API Gateway Performance Optimization
Reduced API response time by 65% through caching strategies and connection pooling
JavaSpring BootRedisPostgreSQLDocker
Pain Points
- ⚠️API response times averaging 800ms under load
- ⚠️Database connection pool exhaustion during peak hours
- ⚠️Redundant database queries for frequently accessed data
Solutions & Critical Thinking
- ✅Implemented Redis caching layer with TTL-based invalidation
- ✅Optimized HikariCP connection pool configuration
- ✅Added response compression and HTTP/2 support
Overview
Built a high-performance API gateway serving 50K+ requests/minute for a fintech application.

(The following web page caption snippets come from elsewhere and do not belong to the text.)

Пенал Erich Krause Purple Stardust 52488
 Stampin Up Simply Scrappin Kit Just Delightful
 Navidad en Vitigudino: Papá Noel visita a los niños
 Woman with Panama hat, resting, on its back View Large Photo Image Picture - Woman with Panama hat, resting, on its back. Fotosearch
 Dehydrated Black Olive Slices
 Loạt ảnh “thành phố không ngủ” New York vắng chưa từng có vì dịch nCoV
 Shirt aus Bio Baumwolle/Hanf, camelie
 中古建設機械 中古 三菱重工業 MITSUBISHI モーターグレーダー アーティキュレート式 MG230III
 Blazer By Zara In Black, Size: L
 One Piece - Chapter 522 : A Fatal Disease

The system handles authentication, rate limiting, and request routing to multiple microservices.
The Challenge
The existing API infrastructure struggled during peak trading hours:
- Average response time: 800ms
- P95 latency: 2.3 seconds
- Frequent database connection timeouts
- High memory usage causing JVM garbage collection pauses
Solution Architecture
1. Multi-Layer Caching Strategy
Implemented a sophisticated caching system using Redis:
@Cacheable(value = "users", key = "#userId", unless = "#result == null")
public User getUserById(Long userId) {
return userRepository.findById(userId)
.orElseThrow(() -> new UserNotFoundException(userId));
}
@CacheEvict(value = "users", key = "#user.id")
public User updateUser(User user) {
return userRepository.save(user);
}
2. Connection Pool Optimization
Tuned HikariCP for optimal performance:
spring:
datasource:
hikari:
maximum-pool-size: 20
minimum-idle: 10
connection-timeout: 30000
idle-timeout: 600000
max-lifetime: 1800000
3. Request/Response Compression
Enabled gzip compression for responses over 1KB:
@Configuration
public class CompressionConfig {
@Bean
public FilterRegistrationBean<GzipFilter> gzipFilter() {
FilterRegistrationBean<GzipFilter> registration = new FilterRegistrationBean<>();
registration.setFilter(new GzipFilter());
registration.addUrlPatterns("/api/*");
return registration;
}
}
Results
- ✅ Response time: 280ms (65% improvement)
- ✅ P95 latency: 450ms (80% improvement)
- ✅ Zero connection timeouts
- ✅ 3x increase in throughput
- ✅ Memory usage reduced by 40%
Key Learnings
- Profile before optimizing: Used JProfiler to identify actual bottlenecks rather than guessing
- Cache invalidation is hard: Implemented event-driven cache updates using Redis pub/sub
- Monitor everything: Added Prometheus metrics for real-time visibility
- Load test early: Discovered issues before production using K6
Tech Insights
Redis Configuration:
- Used Redis Cluster for high availability
- Configured eviction policy:
allkeys-lru - Set appropriate TTL based on data update frequency
Database Optimization:
- Added composite indexes on frequently queried columns
- Implemented read replicas for read-heavy endpoints
- Used database connection pooling efficiently